Investimentos: a diferença entre a Fortescue, privada, e o Governo

A empresa australiana, sozinha, investirá R$ 25 bilhões no Hub do H2V do Pecém. Isto significa cinco anos de investimentos do governo do estado do Ceará, cuja máquina administrativa e a seguridade social consumirão 96% do Orçamento de 2024.

Um grande empresário da agropecuária cearense anotou um detalhe do comentário que esta coluna publicou ontem, segunda-feira, 13, sobre a Fortescue, que está pronta para produzir Hidrogênio Verde no futuro Hub do H2V do Pecém, no Ceará, aguardando, apenas, a regulação dessa atividade, tarefa de responsabilidade do Congresso Nacional. 

Ele chama atenção para o fato de que a empresa australiana, só ela, investirá R$ 25 bilhões para, antes de 2030, usando a eletrólise, separar as moléculas da água e passar a produzir Hidrogênio, que será verde porque nesse processo utilizará energias renováveis – solar fotovoltaica e eólica, que são abundantes nesta parte do território nacional brasileiro. 

A mesma fonte diz, perguntando: “Quanto o governo do estado do Ceará investirá em 2024 na saúde, na educação, na infraestrutura e na segurança pública?” Ela mesma responde: “De acordo com o Orçamento Estadual do próximo exercício, já aprovado pelo Poder Legislativo, serão pouco mais de R$ 3,5 bilhões, incluídas as administrações direta e indireta”.

Como o Orçamento de 2024 prevê receitas e despesas no patamar de R$ 37,3 bilhões, o montante previsto para investimento é pouco, muito pouco. Para o custeio da pesada máquina do Governo do Ceará, irão 64% dos recursos orçamentários; para a seguridade social (aposentadorias e pensões) irão 32%. Sobram apenas 4% para investir. É assim também no plano federal. 

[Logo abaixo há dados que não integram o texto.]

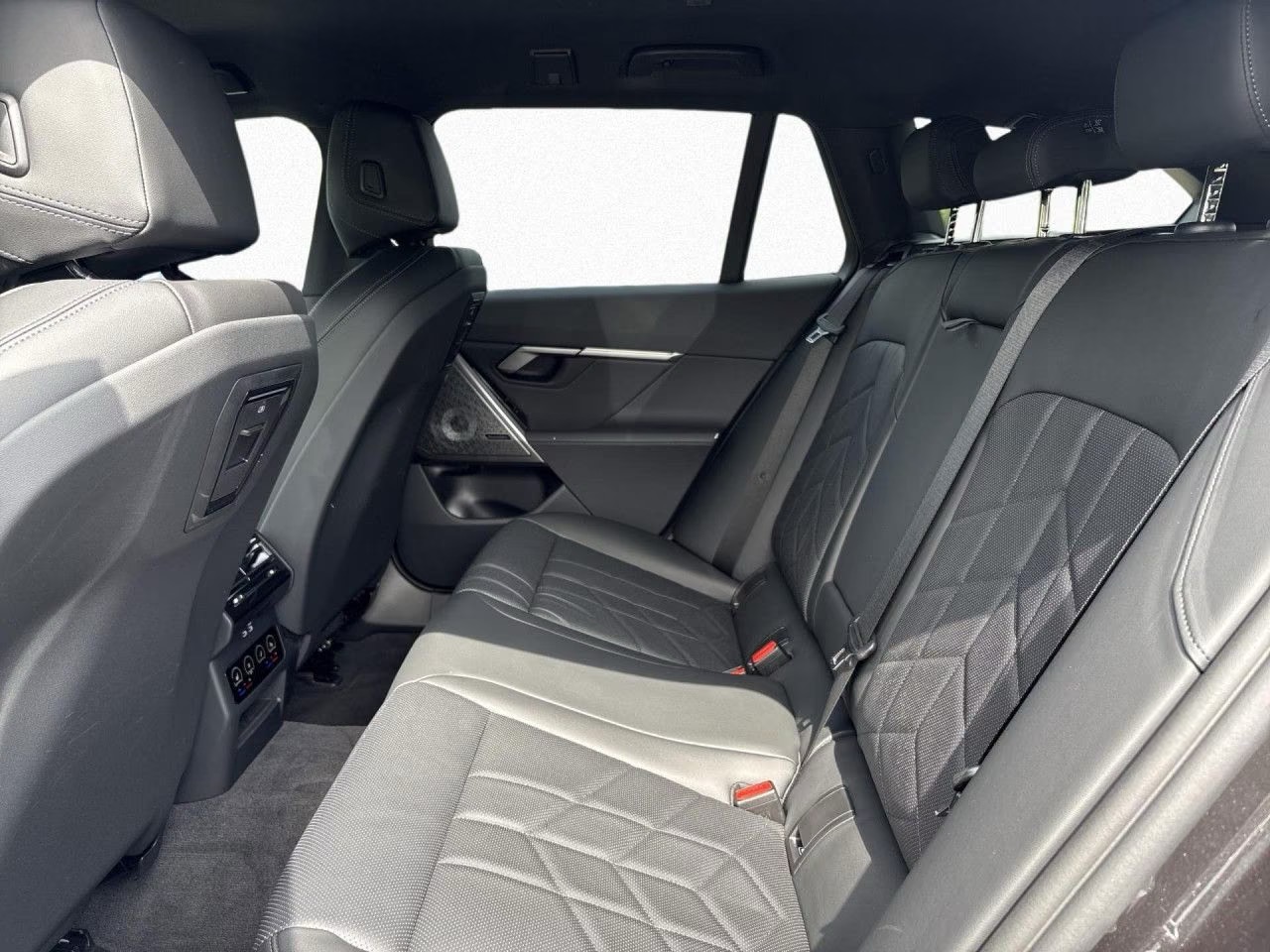 BMW 540d xDrive Touring M SPORT – fotka 11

Dois terços do orçamento da União tem um exclusivo destino: a manutenção da pesada estrutura administrativa estatal. Há ministério demais, aspone demais, privilégio demais, mordomia demais, luxo demais, carros e aviões demais para serviços públicos de menos. E de baixíssima qualidade, diga-se. Se alguém duvida, consulte as estatísticas da segurança pública, da saúde pública e do transporte público.

As deficiências do serviço público brasileiro – somadas à incapacidade do governo de reduzir seus absurdos gastos – têm inibido o investimento da empresa privada, às voltas com juros altos, com insegurança jurídica, com falta de planejamento estratégico. 

Assim, o que acontece no Ceará, neste momento, com o anúncio de bilionários investimentos privados, pode ser visto como algo atípico, mas perfeitamente adequado ao planejamento da empresa privada nacional e internacional. Há uma transição energética em curso a exigir altíssimos investimentos.

A perspectiva de o Ceará vir a transformar-se num polo mundial de produção do Hidrogênio Verde – tirando proveito do que a natureza lhe deu em vento, sol e mar – pode levar a economia estadual cearense a dar um giro de 180 graus. Mas esse giro quem o dará não será o estado, mas o setor privado.
 
Além da Fortescue, mais três outras empresas – a Casa dos Ventos, a AES e a Cactus Energia Verde – também estão com dinheiro em caixa para começar a produzir H2V no Pecém. As três investirão, juntas, uma montanha superior a R$ 50 bilhões, desde que o Congresso Nacional brasileiro aprove, no curto prazo, a proposta em tramitação de regulação da atividade do Hidrogênio Verde.

São 32 as empresas brasileiras e estrangeiras que celebraram os já famosos Memorandos de Entendimento (MOUs) com o governo do Ceará para a produção de Hidrogênio Verde no Pecém. 

Assim, há mais 28 delas que poderão anunciar o valor dos seus investimentos, desde que o Parlamento aprove a regulação do H2V, o que repercutirá em toda a sua extensa cadeia produtiva, que inclui a indústria de placas solares, a de turbinas eólicas, a de pás eólicas, a de tancagem de combustíveis verdes, a da navegação marítima e a de construção de navios modernos e movidos a hidrogênio, para citar algumas. 

Para sustentar toda essa cadeia, serão necessários investimentos na melhoria da estrutura portuária dos países produtores, e aqui entra o Porto do Pecém, cuja localização estratégica – a cinco dias de viagem dos portos da Europa e da Costa Leste dos EUA e do Canal de Suez – é uma vantagem comparativa a favor do Ceará. 

Por enquanto, parece que estamos a sonhar. Por enquanto.